Death Penalty Ruled Out for Two British Guantanamo Detainees

The United States had ruled out the death penalty for two British terrorist suspects held at Guantanamo Bay (search), Cuba, Britain's attorney general said Tuesday.

Lord Goldsmith (search) said he received the assurances during two days of talks with U.S. officials in Washington. He said he had also made significant progress on improving the rules by which British nationals Feroz Abbasi or Moazzam Begg would be tried by a military tribunal.

The men will be able to choose a U.S. civilian lawyer instead of being assigned a military lawyer, he said, and their trials, "subject to any necessary security restrictions," would be open, with news media present.

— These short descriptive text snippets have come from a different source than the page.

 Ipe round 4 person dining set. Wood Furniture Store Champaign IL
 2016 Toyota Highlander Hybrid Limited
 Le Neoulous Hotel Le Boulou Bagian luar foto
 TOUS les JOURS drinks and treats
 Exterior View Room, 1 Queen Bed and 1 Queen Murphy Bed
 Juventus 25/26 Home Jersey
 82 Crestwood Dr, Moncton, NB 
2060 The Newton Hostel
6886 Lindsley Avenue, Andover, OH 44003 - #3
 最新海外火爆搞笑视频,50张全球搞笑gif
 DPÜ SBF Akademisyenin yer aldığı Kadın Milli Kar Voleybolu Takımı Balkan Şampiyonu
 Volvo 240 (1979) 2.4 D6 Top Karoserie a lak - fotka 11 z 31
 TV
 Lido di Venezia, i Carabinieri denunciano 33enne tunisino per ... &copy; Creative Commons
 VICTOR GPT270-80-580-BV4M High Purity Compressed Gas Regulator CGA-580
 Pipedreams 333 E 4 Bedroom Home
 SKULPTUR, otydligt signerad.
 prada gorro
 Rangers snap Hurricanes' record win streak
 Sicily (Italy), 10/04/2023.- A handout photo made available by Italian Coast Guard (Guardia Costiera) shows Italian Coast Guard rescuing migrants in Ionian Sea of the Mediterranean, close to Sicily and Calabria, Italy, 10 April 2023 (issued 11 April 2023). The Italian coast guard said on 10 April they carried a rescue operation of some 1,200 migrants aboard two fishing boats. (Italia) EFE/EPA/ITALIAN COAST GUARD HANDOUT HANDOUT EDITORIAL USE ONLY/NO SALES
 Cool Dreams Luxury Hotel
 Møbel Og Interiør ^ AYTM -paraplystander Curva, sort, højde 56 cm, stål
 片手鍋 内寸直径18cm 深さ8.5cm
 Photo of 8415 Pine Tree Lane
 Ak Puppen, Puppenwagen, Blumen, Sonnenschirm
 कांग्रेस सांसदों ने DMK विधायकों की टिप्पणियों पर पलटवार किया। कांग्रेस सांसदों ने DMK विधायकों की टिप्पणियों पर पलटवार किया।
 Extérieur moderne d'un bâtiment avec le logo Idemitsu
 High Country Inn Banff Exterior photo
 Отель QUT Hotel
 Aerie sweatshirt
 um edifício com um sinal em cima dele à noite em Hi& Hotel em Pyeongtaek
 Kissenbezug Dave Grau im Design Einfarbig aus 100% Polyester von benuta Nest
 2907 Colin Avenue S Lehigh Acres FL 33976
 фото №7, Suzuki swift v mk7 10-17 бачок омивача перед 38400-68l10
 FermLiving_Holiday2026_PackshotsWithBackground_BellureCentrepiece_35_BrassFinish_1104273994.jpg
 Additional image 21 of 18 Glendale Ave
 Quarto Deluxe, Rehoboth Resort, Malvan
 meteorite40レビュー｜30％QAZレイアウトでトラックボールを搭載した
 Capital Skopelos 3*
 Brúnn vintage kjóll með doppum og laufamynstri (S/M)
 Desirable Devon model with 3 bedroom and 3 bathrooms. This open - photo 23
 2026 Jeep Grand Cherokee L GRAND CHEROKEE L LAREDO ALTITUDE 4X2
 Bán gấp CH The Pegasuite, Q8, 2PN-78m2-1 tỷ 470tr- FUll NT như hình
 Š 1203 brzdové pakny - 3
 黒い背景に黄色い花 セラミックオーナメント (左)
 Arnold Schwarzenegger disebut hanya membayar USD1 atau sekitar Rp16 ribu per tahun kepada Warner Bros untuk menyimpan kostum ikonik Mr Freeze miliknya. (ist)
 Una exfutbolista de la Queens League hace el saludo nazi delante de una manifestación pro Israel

In a statement in Washington, obtained by the British news agency Press Association, Goldsmith said his objective had been "to ensure that the British detainees in Guantanamo Bay, if prosecuted, are assured of fair trials that meet generally recognized principles, wherever those trials take place, and to make clear our opposition to the death penalty."

Goldsmith met with U.S. Defense Department officials on the future of nine British suspects held at Guantanamo.

Abbasi, 23, and Begg, 35, were on President Bush's initial list of six detainees who could face military tribunals at the American base.

"The U.S. has assured us that the prosecution will not seek the death penalty in the cases of Feroz Abbasi and Moazzem Begg," Goldsmith said.

Guantanamo detainees are accused of links to Afghanistan's fallen Taliban (search) regime or the Al Qaeda terror network.

Begg has been there for nearly five months and was previously detained in Afghanistan for a year, according to the London-based group Fair Trials Abroad. It said he was seized in Pakistan and may be a victim of mistaken identity.

Abbasi, in U.S. custody since January 2002, has been described as a computer student.